Civil society organisations operating in Uganda are now the target of state inspired threats and intimidation, a new report released by Human Rights Watch (HRW) has said.
The US-based international watchdog said rising hostility from the government is making it difficult for civil society groups to freely conduct their work.
According to the report released yesterday, several non-governmental organisations (NGOs) in Uganda have “recently faced forced closure of meetings, threats, harassment, arrest, and punitive bureaucratic interference” from President Museveni’s administration in the midst of rising political tensions and public criticism of the NRM leader’s record since his re-election in February 2011.
The report said NGOs that are reeling from this clampdown are those whose focus includes oil revenue, transparency, land acquisition compensation, legal and governance reform, and protection of human rights, particularly the rights of lesbian, gay, bisexual, and transgender people.
The report joins several that have documented incidences of the narrowing space and enjoyment of fundamental freedoms and rights for citizens under the stewardship of the ruling NRM government, in power since 1986.
“Uganda’s government is putting serious pressure on civil society, particularly on organisations that might be seen as infringing upon the officials’ political and financial interests,” said Maria Burnett, senior Africa researcher at HRW. “Civil society should have space to conduct research and take part in policy debates without fear of government reprisals.”
Widely expected to seek a fifth elective term in office, Mr Museveni has often attacked NGOs and accused them of peddling interests of foreign governments and sabotaging government projects.

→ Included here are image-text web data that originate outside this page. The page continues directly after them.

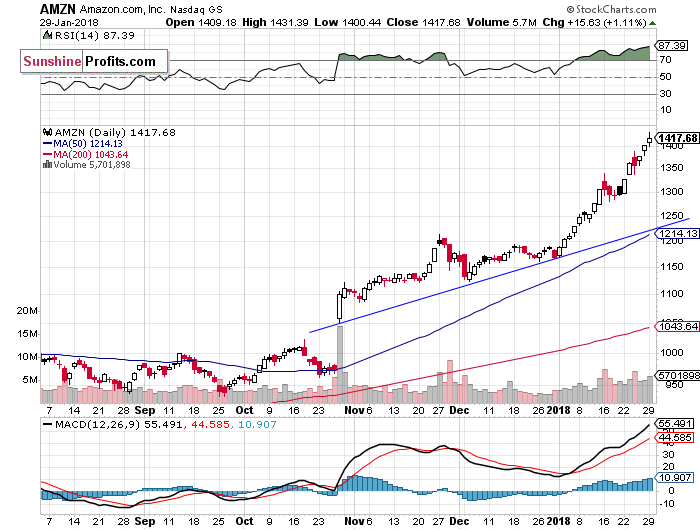 Daily Amazon.com, Inc. chart - AMZN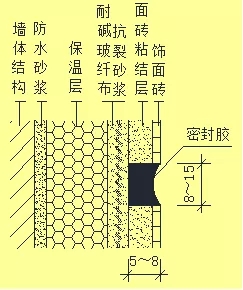 外墙渗漏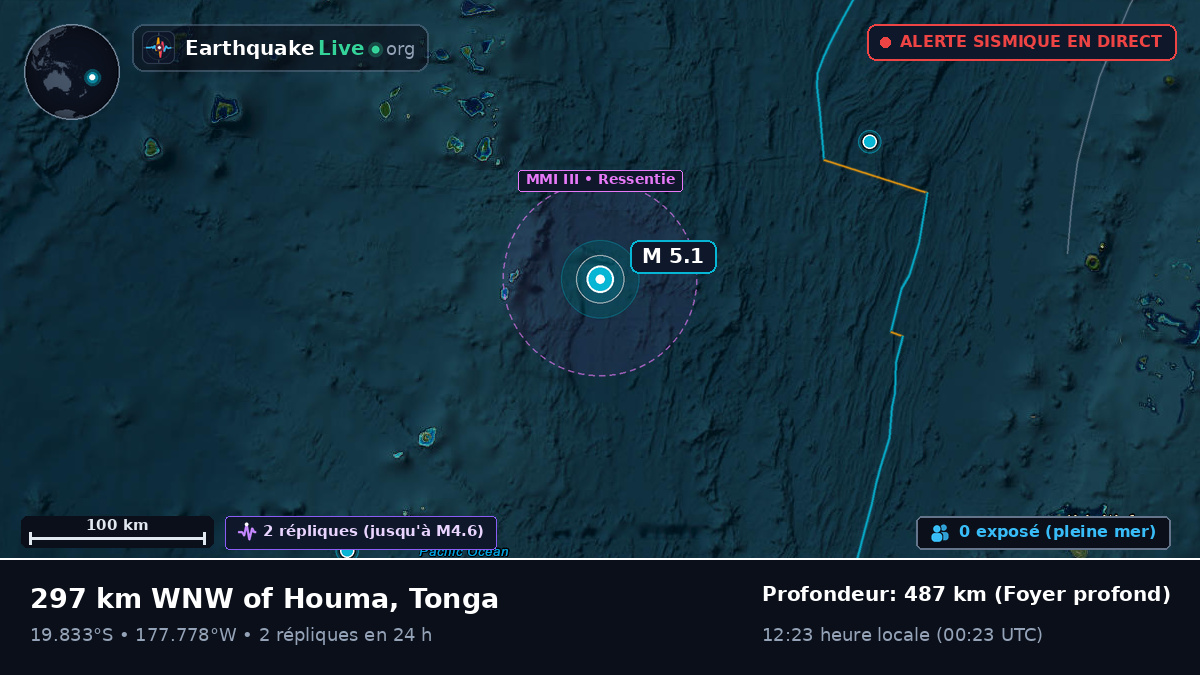 Océan Pacifique Sud (Tonga)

Government spokesperson Mary Karoro Okurut was unavailable for comment by press time and reported holed up in a meeting with the President at his country home in Rwakitura. However, Ethics Minister Rev. Simon Lokodo said although he “disassociates” himself from reports of state harassment against NGOs in the country, he holds no reservations for thwarting meetings of defenders of gay rights.

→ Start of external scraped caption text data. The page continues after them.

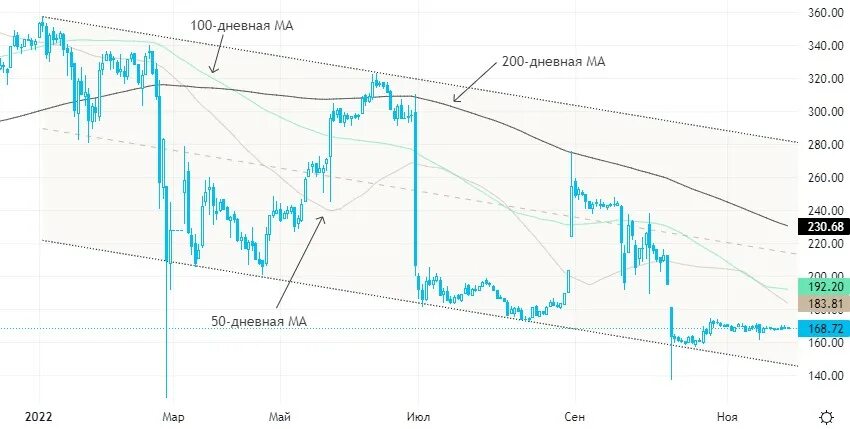 Выплаты акций газпрома в 2025. Акции газпрома. акции компаний. акции газпрома 2025.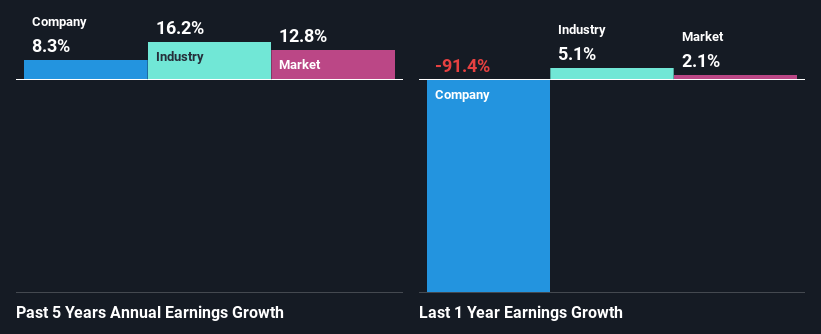 past-earnings-growth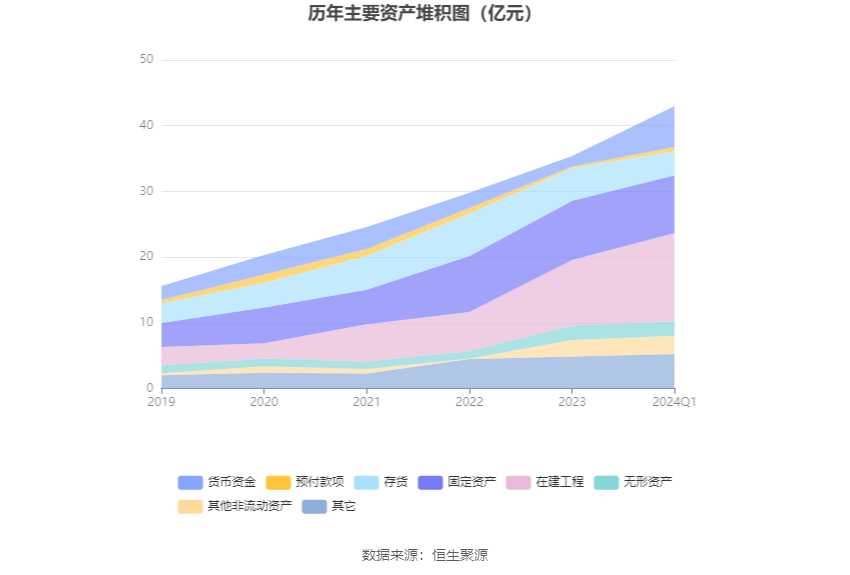 嘉澳环保：2024年第一季度亏损326464万元(图7)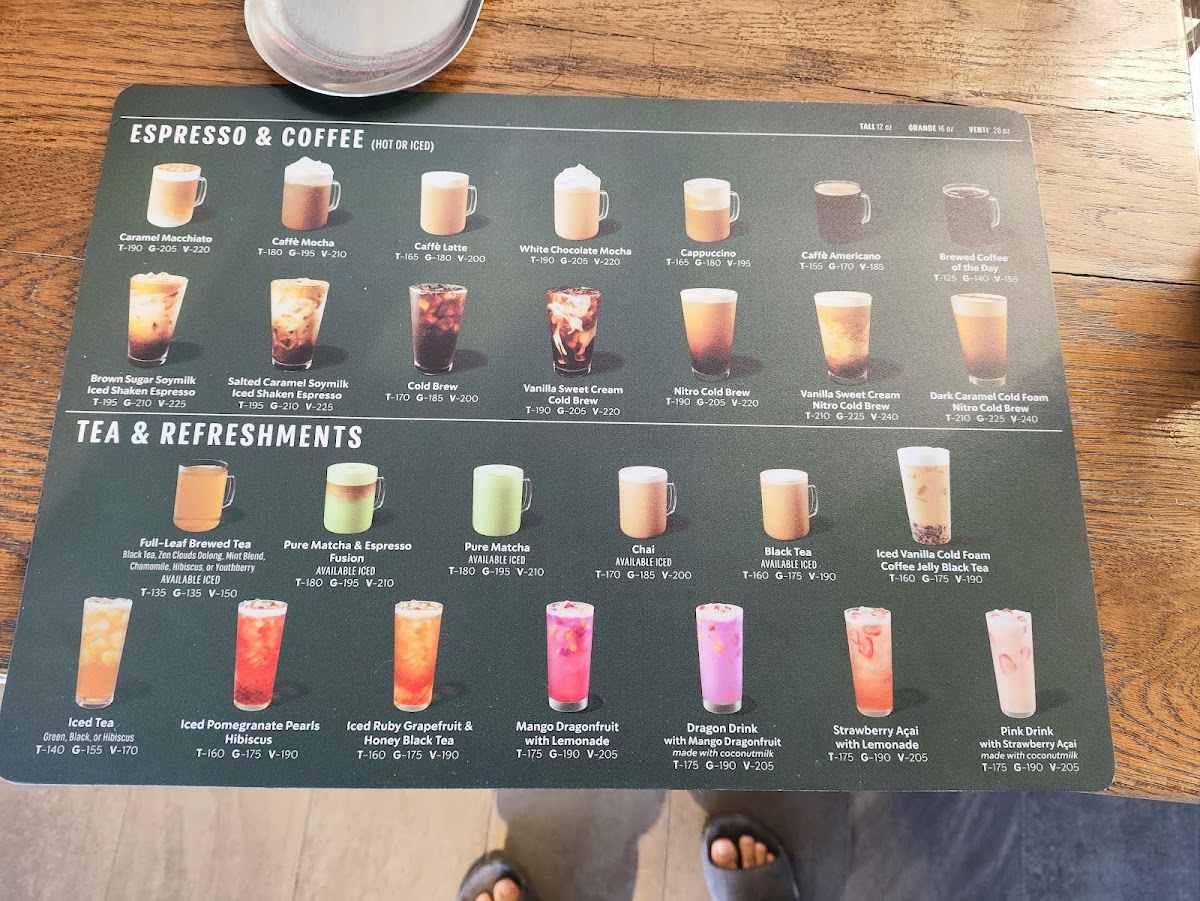 Starbucks Arcovia Parade Photo Menu 1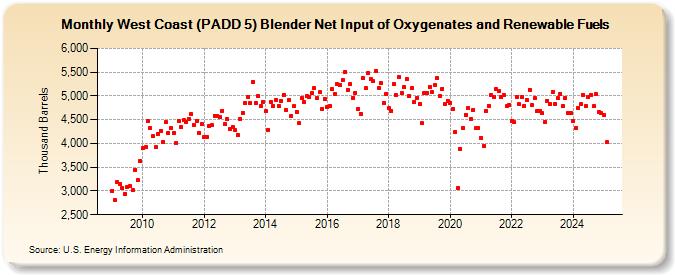 West Coast (PADD 5) Blender Net Input of Oxygenates and Renewable Fuels (Thousand Barrels)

“Our laws [on homosexuality] are very clear,” he said. “This is not permissible and any time I learn about their associations we shall disperse them.”
Titled “Curtailing Criticism: Intimidation and Obstruction of Civil Society in Uganda,” the report details incidences in which the government has come down hard on some NGOs.
Some of the incidents documented occurred during the run-up to the February 2011 general election with the “wave of arrests of volunteers” who were trying to deliver paraphernalia published by local anti-corruption activists in a campaign urging MPs to return a curious Shs20m facilitation from government.
It also detailed the case of the NGO Advocates Coalition for Development and Environment (ACODE), whose financials were subject to a Bank of Uganda investigation a few weeks after organising a meeting of district councillors and a discussion on oil revenue allocation.
“You really feel that there is a lot of anxiety on the civil society organisations,” said ACODE executive director Godber Tumushabe. “It’s more or less like the sector is besieged and the thing is government doesn’t come out clearly to say what is wrong.”
Gay rights: The report says groups promoting gay and lesbian rights are being forced to work underground because criminalisation of homosexuality prevents them from registering with the authorities and functioning legally.
Oil: Report says researchers from groups seeking to visit regions with oil deposits were required to seek permission from the Ministry of Energy, a condition HRW said was unlawful and impeded their access to local communities that could be harmed by oil production activity.
Tensions: The report says with rising political tensions and public criticism of President Museveni’s administration, high ranking members of the ruling NRM party are increasingly scrutinising NGOs and the impact their work may have on public perception of good governance and management of public funds.
Research: The report was compiled following research carried out by Human Rights Watch through 2011, as well as in-country research from May to July 2012.
Publicly reprimand: The report urges President Museveni to publicly reprimand government officials and employees who threaten NGOs with deregistration.
Working environment: Facilitation of a positive working environment for NGOs by improving government’s terms of engagement with CSOs.
Penal Code: Museveni should support repealing colonial era Article 145 of the Penal Code which criminalises “carnal knowledge against the order of nature”.
NGO registration: NGO Board should recognise and support the registration of NGOs working on gay rights “as a routine part of legitimate human rights work.”
NGO Board should not threaten deregistration or delay registration of NGOs simply for administrative infractions.